After the mass, it was announced that Marcos had left the country. We could hear the cheering and the shouting since only a wall separated the house from EDSA. Cory Aquino then asked some people, including Jimmy Ongpin, to go inside the house to meet with her. As she was entering the house, she suddenly turned around and declared to everyone that Joker Arroyo would be her executive secretary.

I noticed that Joker’s first reaction was to laugh in his infectious, loud, belly type of laughter. Then he and Nene Pimentel started having a private conversation in one corner. After a while, they called me and Joker told me to report to him the following day. I asked him where I would report. He told me he was planning to visit Malacanang Palace the following day but I should look for a temporary office in the Cojuangco building where President Cory would be holding temporary office.

I then asked him what would be our tasks. As a La Salle LiaCom graduate, former DLSU business department chair and MBM ’70 AIM alumni, I was expecting job descriptions and organizational structures. Joker then started laughing again and gave me an answer that sounded like “run the government.” I would later discover that one of my most fascinating responsibilities was to research on how the offices of the heads of government, in democratic countries, were managed and how staff work was accomplished.

The Office of the Executive Secretary began with Joker Arroyo, one staff assistant – me – and one secretary. We worked in a small room next to the cafeteria in the Cojuangco Bldg. which had been transformed into a briefing area for the media. We placed a big blackboard in the middle of the room. On one side was our working area, and on the other side was the receiving area.

There was no legislature at that time. However, President Cory mandated that every appointment, repeal of a presidential decree and new regulations would be documented and issued as an executive order. Those were busy times for us and we hardly saw our families.

He also brought together an extraordinary group of people to work together in the Office of the President – Macaraig, Saguisag, Factoran, Locsin, Azcuna, Sarmiento, Elma, Padilla, Lucilla, Lagonera and many more.

Joker Arroyo was not only my boss but was also my mentor. A value that he instilled in me was what he called the “majesty of the law.” It was his strong belief in the rule of law that led him to become the quintessential human rights lawyer. It is this value that has been my anchor in my lectures, my writings, and in the causes that I continue to espouse.

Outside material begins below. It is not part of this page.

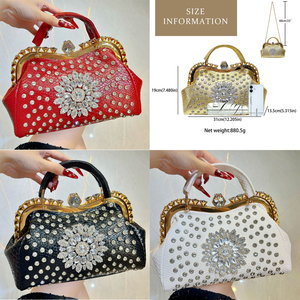 กระเป๋าคลัทช์สีบรอนซ์วินเทจ คัลท์ ไกอา เพิร์ล กระเป๋าออกงานกลางคืน กระเป๋าถือคริสตัลประดับเพชรสำหรับสุภาพสตรีในงานแต่งงาน - Product Image 2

When I heard about the passing away of Joker Arroyo and his family’s request that there should be no wake or funeral or necrological services, I remembered two stanzas from a poem by Charles Wolfe:

Not a drum was heard, nor a funeral note

As his corpse to the ramparts we buried.

Not a soldier discharged his farewell shot

O’er the grave where our hero we buried.

No useless coffin enclosed his breast

Not in sheet nor in shroud we bound him,

But he lay like a warrior taking his rest

With his martial cloak around him.

Farewell, Joker Arroyo. And for everything you did for the country, thank you.